The classical and Austrian schools have had important allies in the field of philosophy. Ayn Rand (1905-82), in particular, must be cited as providing a philosophical foundation for the case for capitalism, and as being responsible probably more than anyone else for the current spread of procapitalist ideas. The great English philosopher John Locke, who was a leading intellectual influence on the Founding Fathers of the United States, also deserves an especially prominent mention. And the English philosophers Jeremy Bentham and Herbert Spencer must be cited as well.
The classical and the Austrian schools and their allies have developed virtually all of the great positive truths of economic science.

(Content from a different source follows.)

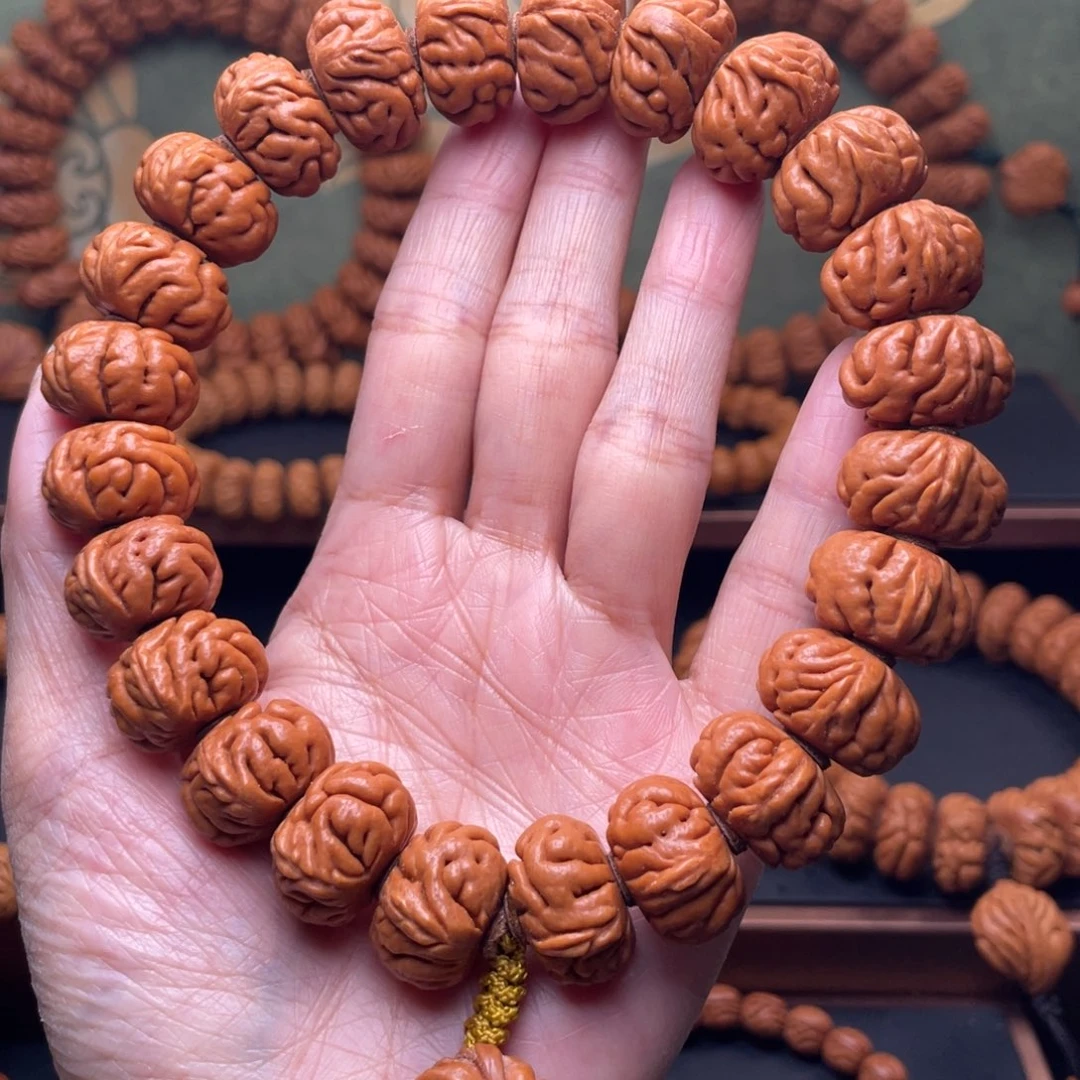手串桃核19白玉龙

Their ideas, especially those of von Mises, Ricardo, Smith, and Böhm-Bawerk--in that order--together with important elements of the philosophy of Ayn Rand--are the intellectual foundation and inspiration of this book, which seeks to carry the work of these extraordinary individuals a step further by integrating leading elements of it into a logically consistent whole and by incorporating the present author's own contributions.
Because the whole of this book is itself an exposition of the ideas of the classical and Austrian economists, it is not necessary (nor would it be possible) to explain at this point precisely what it is that these economists maintain, beyond a few generalities. They recognize the gains derived from the division of labor. They explain the nature, origin, and importance of money; the laws governing the determination of prices, wages, profits, and interest; and the vital role of saving and capital accumulation in raising the standard of living. They understand the benevolent nature of self-interest and the profit motive operating under economic freedom, and show how government intervention is the cause of inflation, depressions, economic stagnation, poverty, international economic conflict, and wars. In sum, they support capitalism and oppose government interference and socialism. To a great extent, the views of these authors will become clear in the pages that follow. But, because this is not a book on the history of economic thought, no systematic effort is made to explain precisely which individuals held which specific positions. The reader who is interested in acquiring that knowledge is advised to consult the bibliography, which appears at the end of this book, and to undertake the immeasurably valuable task of reading through the works listed in it.
A subject which must be dealt with here, however, is a brief account of the differences between the classical and Austrian schools. The leading difference concerns the theory of value and price. The classical economists, with exceptions, assigned an exaggerated role to cost of production as an explanation of prices, and, as a consequence, to the quantity of labor required to produce goods. They even went so far as frequently to maintain that wages are determined by "the cost of production of labor." Wages, they often held, tend to equal the price of the goods necessary to enable a worker to live and to raise replacements for himself and his wife.
Such an exaggerated role assigned to cost of production and quantity of labor made it possible later in the nineteenth century for Karl Marx to present himself as the logical heir of the classical economists, devoted merely to developing the implications of their doctrines. Marx was believed, and the consequence was that when the Austrian and other neoclassical economists appeared on the scene around 1870 and propounded the theory of marginal utility as the explanation of value and price, the doctrines of classical economics were abandoned to an extent much greater than necessary, to the great loss of later economic science.